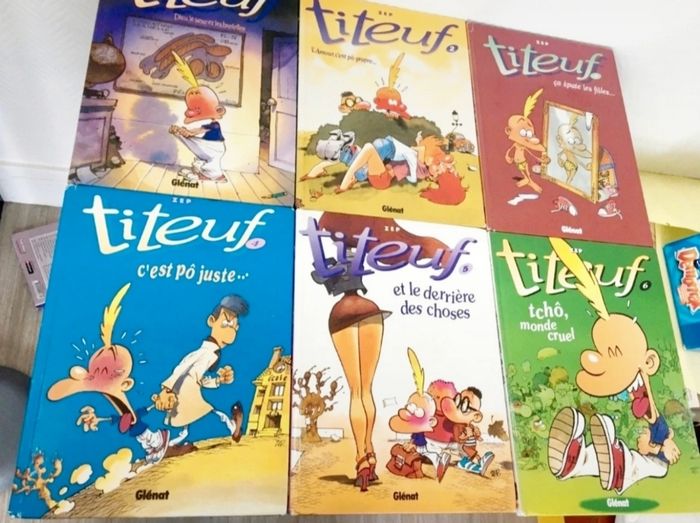 Bd Titeuf tome de 1 à 14 - photo numéro 2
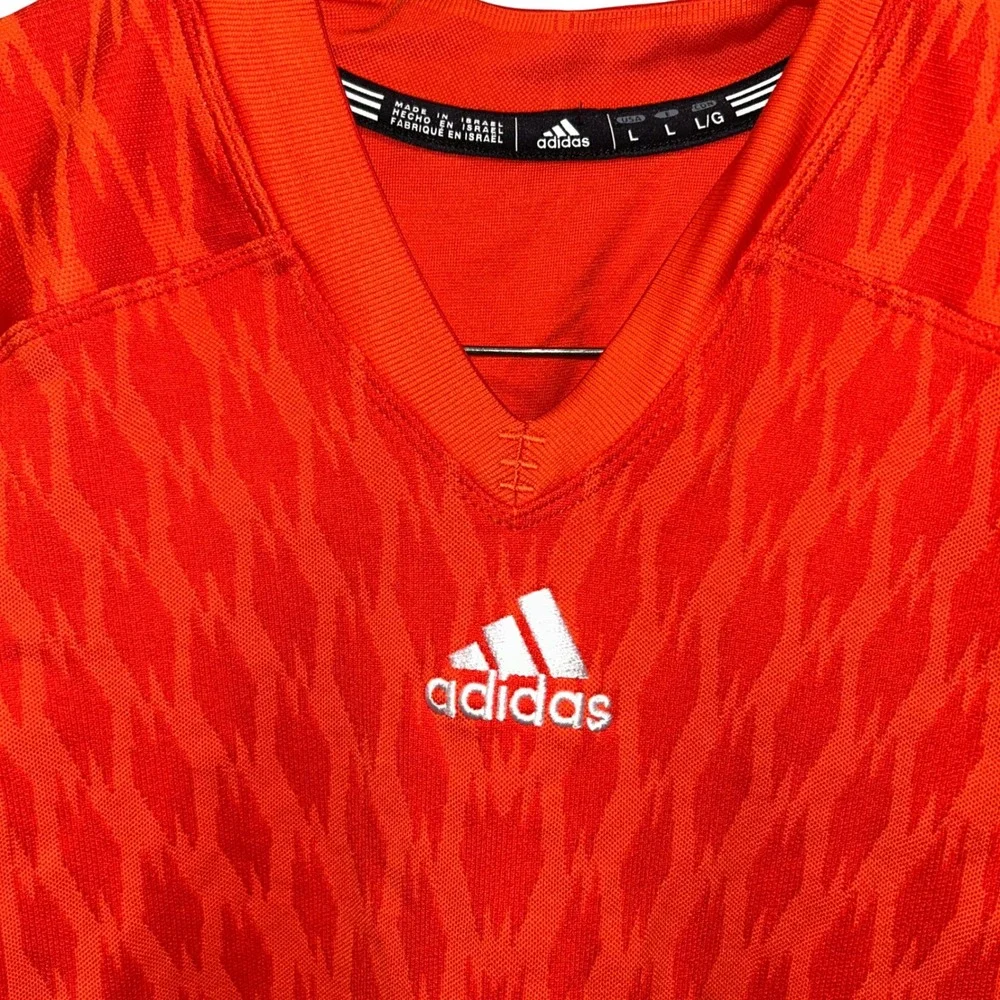 Adidas Men's Techfit Primeknit Football Jersey Large Orange Climacool‎ sz L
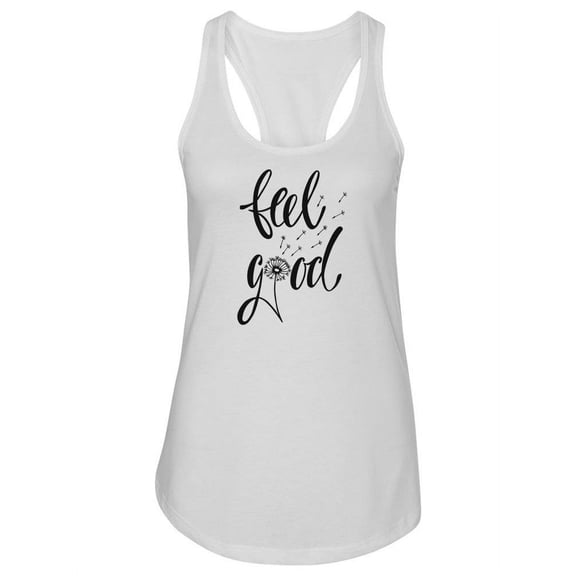 Feel Good Dandelion Sketch Tank Women -Image by Shutterstock, Female XX-Large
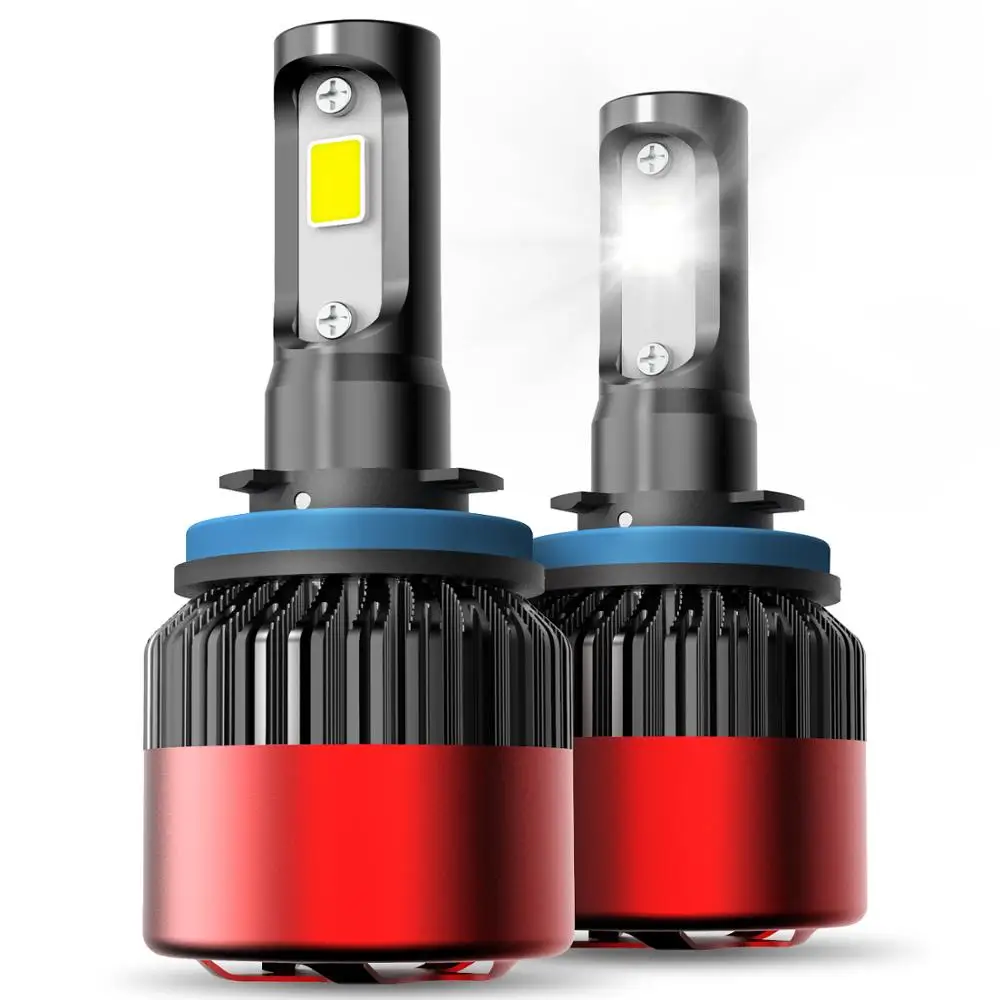 LED H11 H8 H9 Car Headlight 9003 COB H1 16000Lm Fog Light Auto Headlamp for Kia rio k2 3 sportage ceed sorento cerato soul | Автомобили и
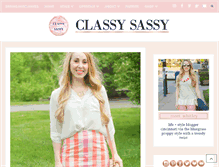 Tablet Screenshot of classysassyblog.com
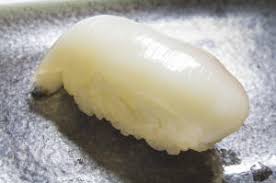 ika (squid) nigiri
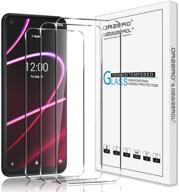(3 pack) orzero tempered glass screen protector for t-mobile revvl 5g (2020) - 9h hd anti-scratch, lifetime replacement - not compatible with t-mobile revvl v+ 5g (2021) logo
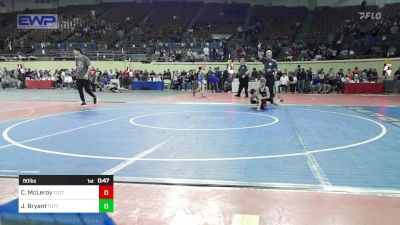 80 lbs Consi Of 8 #2 - Cooper McLeroy, Tuttle vs Jagger Bryant, Tuttle Elite Wrestling Club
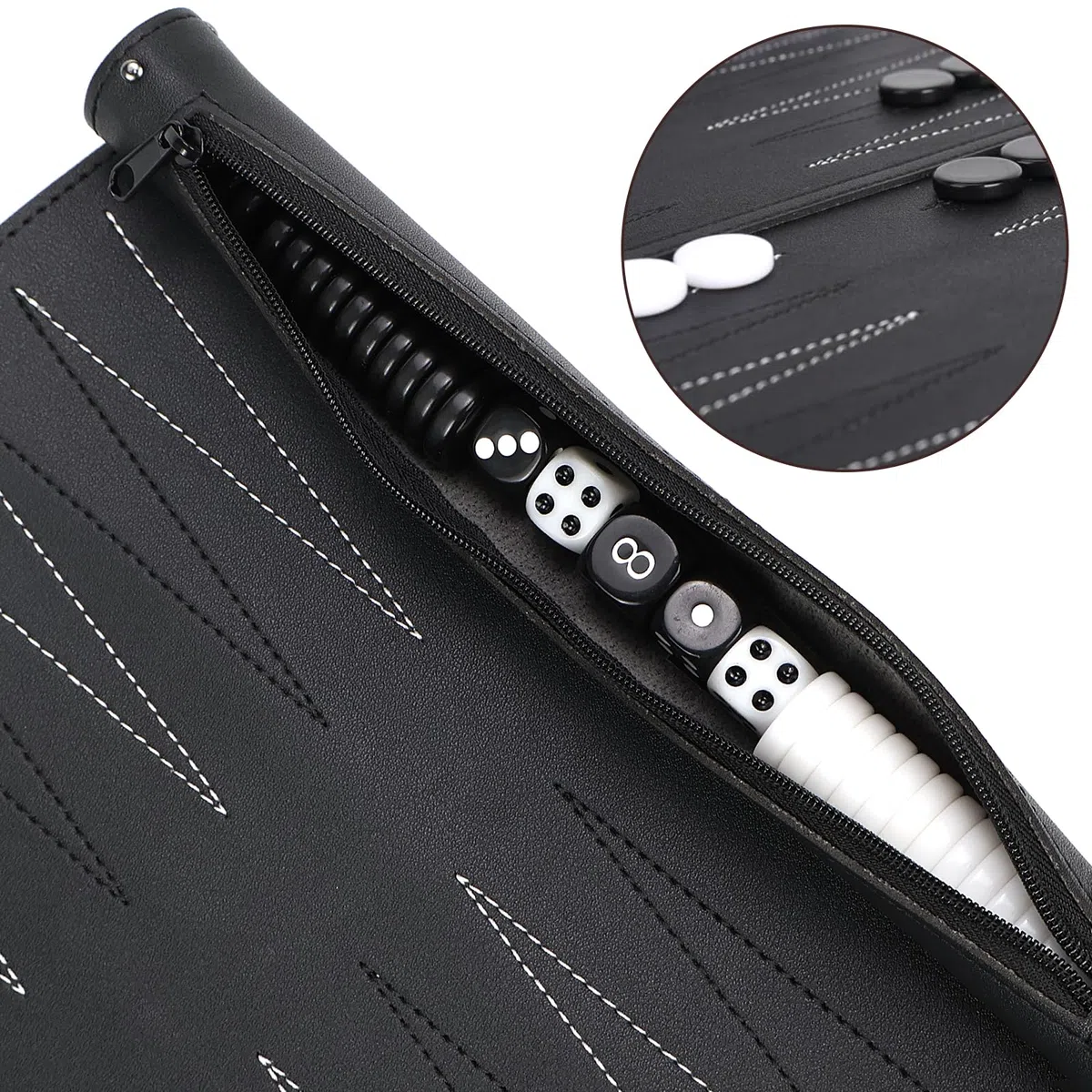 Backgammon Set da Viaggio Portatili Gioco da Tavolo (36 x 25,3 cm)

= WHAT YOU NEED TO DO =
Return, exactly as they appear, the lines from the line containing "Tablet Screenshot of classysassyblog.com" through the end of the records above, both ends included, without pictures.

= WRITTEN RESPONSE =
 Tablet Screenshot of classysassyblog.com
 ika (squid) nigiri
(3 pack) orzero tempered glass screen protector for t-mobile revvl 5g (2020) - 9h hd anti-scratch, lifetime replacement - not compatible with t-mobile revvl v+ 5g (2021) logo
 80 lbs Consi Of 8 #2 - Cooper McLeroy, Tuttle vs Jagger Bryant, Tuttle Elite Wrestling Club
 Backgammon Set da Viaggio Portatili Gioco da Tavolo (36 x 25,3 cm)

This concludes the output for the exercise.